- WHAT THE EXERCISE ASKS -
Once the line holding "e.V. CC BY-NC-SA)" is found in the listing below, write it out and each later line exactly, up to and including the one holding "Porte-clés en pierre".

- EXTRACTED MATERIAL -
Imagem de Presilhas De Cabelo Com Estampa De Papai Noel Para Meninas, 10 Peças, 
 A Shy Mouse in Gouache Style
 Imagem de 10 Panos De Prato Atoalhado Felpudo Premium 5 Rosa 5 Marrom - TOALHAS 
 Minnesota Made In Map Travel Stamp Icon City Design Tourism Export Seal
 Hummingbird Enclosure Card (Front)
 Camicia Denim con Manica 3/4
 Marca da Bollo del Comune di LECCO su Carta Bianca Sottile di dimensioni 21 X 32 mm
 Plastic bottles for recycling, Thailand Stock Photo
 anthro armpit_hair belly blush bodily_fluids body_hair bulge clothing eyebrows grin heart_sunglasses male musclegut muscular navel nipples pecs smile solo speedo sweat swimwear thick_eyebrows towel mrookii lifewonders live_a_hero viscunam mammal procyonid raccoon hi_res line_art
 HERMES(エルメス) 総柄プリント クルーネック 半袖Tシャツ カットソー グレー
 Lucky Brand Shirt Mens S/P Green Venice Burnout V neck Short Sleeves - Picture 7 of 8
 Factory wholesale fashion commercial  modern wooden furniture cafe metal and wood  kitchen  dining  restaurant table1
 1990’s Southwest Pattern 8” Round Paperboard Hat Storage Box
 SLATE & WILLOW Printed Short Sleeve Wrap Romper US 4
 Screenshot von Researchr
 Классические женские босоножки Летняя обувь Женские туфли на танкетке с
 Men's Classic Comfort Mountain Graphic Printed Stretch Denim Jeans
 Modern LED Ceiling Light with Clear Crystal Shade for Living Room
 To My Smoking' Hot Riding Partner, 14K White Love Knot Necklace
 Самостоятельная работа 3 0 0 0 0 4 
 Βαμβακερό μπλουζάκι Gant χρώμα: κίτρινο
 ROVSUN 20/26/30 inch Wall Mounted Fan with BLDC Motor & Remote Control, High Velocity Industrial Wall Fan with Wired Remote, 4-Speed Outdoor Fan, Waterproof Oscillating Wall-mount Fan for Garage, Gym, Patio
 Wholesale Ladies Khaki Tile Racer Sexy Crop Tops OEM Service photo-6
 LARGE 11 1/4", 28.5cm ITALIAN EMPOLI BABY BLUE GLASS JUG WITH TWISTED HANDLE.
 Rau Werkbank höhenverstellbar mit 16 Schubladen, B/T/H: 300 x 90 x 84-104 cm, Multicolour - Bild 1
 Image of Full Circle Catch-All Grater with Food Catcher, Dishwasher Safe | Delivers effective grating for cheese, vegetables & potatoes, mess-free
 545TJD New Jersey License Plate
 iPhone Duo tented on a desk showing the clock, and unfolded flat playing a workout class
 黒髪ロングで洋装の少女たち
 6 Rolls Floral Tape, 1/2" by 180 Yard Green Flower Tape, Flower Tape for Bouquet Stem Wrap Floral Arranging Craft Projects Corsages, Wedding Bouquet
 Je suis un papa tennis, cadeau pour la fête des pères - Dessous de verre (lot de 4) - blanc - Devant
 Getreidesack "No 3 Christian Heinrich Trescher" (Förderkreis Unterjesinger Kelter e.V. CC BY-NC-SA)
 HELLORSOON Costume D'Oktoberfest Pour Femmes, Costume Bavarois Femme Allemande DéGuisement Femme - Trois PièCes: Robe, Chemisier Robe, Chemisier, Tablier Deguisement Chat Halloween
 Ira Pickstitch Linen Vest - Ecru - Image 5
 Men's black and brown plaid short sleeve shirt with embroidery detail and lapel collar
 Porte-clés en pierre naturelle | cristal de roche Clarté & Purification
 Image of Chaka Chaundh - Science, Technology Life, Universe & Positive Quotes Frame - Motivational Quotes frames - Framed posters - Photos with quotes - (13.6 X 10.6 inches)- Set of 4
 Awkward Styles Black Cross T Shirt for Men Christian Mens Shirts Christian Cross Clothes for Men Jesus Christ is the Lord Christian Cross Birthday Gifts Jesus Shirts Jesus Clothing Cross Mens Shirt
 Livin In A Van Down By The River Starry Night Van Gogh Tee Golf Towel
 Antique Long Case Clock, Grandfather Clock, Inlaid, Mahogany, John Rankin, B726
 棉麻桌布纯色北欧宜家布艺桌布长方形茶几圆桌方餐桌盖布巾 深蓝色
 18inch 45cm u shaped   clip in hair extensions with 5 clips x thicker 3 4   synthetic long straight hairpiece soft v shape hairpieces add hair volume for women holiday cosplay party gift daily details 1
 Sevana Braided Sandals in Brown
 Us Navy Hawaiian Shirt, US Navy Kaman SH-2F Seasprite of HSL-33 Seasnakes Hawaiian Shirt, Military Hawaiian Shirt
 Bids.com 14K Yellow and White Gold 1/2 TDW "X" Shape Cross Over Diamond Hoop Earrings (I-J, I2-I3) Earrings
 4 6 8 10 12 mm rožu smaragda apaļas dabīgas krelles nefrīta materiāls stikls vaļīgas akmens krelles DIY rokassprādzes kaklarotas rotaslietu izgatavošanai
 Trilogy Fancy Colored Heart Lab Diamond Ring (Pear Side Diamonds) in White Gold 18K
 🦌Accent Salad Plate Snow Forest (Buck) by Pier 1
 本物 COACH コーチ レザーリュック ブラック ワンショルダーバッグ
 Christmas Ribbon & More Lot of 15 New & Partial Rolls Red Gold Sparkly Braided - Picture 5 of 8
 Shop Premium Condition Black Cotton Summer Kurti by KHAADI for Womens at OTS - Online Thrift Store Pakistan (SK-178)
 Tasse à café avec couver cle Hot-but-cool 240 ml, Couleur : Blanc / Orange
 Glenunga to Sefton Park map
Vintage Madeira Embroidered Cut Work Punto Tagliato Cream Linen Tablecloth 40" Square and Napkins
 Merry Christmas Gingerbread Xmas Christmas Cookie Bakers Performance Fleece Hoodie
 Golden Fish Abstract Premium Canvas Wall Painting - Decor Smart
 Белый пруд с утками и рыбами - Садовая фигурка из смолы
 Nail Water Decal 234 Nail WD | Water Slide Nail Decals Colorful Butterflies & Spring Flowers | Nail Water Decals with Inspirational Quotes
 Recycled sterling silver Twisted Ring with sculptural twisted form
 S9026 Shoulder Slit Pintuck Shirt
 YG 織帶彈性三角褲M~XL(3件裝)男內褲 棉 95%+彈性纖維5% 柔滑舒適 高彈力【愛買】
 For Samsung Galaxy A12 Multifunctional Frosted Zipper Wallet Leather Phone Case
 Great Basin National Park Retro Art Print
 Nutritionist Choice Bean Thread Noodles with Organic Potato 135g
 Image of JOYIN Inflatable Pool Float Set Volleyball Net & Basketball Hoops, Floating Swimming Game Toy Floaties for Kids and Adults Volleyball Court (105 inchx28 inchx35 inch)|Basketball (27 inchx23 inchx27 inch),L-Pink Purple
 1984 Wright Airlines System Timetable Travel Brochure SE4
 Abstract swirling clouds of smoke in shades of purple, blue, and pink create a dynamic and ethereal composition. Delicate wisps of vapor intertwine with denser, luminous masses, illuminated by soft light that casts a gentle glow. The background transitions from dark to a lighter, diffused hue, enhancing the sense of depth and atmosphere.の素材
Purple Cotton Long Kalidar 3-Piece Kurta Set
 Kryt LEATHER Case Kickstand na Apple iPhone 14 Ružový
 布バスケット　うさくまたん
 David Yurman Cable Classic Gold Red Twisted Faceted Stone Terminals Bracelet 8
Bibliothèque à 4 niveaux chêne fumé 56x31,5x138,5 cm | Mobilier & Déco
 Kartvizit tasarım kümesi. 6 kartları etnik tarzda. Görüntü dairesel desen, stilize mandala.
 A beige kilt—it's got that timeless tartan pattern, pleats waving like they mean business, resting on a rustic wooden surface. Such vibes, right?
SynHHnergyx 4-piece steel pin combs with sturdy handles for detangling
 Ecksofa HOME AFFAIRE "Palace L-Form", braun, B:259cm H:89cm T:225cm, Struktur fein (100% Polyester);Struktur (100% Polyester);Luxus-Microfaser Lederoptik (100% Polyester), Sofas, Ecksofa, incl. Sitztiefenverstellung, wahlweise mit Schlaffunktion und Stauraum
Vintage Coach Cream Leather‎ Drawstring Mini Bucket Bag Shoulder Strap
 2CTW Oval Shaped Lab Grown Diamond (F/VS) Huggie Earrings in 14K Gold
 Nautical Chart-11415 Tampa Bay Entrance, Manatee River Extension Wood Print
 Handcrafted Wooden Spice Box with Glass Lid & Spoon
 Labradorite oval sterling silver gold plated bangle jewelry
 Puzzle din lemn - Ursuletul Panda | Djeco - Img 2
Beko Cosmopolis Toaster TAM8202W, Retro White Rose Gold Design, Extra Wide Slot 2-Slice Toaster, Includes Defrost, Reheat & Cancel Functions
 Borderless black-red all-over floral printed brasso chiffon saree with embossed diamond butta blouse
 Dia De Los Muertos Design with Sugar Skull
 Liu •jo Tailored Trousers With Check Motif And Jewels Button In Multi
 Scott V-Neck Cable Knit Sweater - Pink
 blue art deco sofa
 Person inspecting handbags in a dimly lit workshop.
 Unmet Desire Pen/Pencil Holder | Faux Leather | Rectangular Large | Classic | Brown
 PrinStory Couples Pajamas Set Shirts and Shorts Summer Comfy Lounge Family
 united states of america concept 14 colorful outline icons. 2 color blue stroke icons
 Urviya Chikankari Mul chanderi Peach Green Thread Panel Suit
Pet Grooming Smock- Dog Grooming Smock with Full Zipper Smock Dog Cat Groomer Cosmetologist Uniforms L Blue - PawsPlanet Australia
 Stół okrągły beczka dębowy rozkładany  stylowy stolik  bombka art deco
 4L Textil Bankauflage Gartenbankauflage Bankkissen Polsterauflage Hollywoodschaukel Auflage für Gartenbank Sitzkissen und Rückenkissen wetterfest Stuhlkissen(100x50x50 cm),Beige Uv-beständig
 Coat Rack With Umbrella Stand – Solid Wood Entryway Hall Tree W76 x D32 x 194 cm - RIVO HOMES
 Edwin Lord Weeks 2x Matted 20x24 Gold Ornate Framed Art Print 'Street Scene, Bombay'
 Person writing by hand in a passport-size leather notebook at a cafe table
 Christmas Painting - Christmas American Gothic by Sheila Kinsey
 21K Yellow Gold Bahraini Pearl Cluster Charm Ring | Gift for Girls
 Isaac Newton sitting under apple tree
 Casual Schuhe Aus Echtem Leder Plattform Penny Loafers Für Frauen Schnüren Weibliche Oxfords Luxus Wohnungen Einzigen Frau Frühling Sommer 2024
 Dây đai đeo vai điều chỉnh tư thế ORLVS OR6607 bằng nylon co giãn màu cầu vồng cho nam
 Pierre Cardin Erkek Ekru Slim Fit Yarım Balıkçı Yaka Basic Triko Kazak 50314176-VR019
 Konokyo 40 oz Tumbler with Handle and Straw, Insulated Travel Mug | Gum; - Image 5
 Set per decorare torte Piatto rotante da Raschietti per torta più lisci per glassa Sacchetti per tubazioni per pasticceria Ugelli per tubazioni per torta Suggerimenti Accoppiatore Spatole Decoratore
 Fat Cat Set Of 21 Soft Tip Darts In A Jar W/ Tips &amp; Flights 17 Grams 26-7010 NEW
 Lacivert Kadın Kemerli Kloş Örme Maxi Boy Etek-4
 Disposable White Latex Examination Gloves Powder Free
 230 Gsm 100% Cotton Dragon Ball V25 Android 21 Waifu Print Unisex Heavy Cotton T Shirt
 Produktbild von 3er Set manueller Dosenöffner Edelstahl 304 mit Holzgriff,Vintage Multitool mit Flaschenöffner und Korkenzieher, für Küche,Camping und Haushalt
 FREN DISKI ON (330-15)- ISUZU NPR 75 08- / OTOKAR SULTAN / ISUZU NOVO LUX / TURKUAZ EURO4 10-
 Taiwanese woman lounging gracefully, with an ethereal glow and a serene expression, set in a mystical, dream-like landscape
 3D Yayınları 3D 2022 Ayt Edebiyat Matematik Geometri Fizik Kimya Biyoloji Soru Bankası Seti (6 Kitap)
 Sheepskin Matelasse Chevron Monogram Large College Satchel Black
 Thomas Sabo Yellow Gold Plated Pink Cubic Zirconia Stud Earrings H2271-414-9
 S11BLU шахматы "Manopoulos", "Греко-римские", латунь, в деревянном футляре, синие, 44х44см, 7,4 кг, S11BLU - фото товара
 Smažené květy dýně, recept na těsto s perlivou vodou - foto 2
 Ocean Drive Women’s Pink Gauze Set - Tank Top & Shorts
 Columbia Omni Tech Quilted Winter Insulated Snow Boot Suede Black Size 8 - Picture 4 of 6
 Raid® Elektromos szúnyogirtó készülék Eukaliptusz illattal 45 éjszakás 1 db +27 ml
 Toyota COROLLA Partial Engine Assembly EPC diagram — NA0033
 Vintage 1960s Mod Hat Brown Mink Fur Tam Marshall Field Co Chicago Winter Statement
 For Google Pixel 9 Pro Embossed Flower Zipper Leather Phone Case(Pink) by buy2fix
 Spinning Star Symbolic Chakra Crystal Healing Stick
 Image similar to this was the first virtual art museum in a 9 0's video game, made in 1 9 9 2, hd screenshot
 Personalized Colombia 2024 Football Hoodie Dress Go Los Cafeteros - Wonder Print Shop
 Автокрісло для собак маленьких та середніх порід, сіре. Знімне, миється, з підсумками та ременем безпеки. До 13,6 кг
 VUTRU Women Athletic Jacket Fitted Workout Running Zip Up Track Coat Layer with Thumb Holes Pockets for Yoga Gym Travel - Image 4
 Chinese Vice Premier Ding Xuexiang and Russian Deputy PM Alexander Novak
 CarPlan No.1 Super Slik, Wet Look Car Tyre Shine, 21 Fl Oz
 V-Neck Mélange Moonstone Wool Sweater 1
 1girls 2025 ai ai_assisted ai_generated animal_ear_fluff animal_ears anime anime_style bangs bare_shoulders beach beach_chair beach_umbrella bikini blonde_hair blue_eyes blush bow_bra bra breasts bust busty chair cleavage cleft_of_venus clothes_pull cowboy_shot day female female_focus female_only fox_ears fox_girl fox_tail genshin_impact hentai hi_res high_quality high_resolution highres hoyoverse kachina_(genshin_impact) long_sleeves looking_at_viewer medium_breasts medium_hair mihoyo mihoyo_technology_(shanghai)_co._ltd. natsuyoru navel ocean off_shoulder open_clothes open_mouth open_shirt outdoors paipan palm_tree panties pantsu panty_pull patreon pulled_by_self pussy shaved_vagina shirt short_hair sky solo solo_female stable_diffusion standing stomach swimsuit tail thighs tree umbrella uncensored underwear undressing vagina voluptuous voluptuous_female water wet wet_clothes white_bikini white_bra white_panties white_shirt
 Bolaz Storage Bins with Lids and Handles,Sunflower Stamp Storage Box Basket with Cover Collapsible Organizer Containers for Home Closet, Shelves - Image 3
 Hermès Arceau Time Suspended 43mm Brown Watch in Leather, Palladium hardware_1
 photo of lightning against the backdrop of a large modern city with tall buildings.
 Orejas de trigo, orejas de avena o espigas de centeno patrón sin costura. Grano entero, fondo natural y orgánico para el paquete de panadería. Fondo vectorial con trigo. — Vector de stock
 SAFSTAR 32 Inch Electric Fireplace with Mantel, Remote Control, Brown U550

- FINAL ANSWER -
 Getreidesack "No 3 Christian Heinrich Trescher" (Förderkreis Unterjesinger Kelter e.V. CC BY-NC-SA)
 HELLORSOON Costume D'Oktoberfest Pour Femmes, Costume Bavarois Femme Allemande DéGuisement Femme - Trois PièCes: Robe, Chemisier Robe, Chemisier, Tablier Deguisement Chat Halloween
 Ira Pickstitch Linen Vest - Ecru - Image 5
 Men's black and brown plaid short sleeve shirt with embroidery detail and lapel collar
 Porte-clés en pierre naturelle | cristal de roche Clarté & Purification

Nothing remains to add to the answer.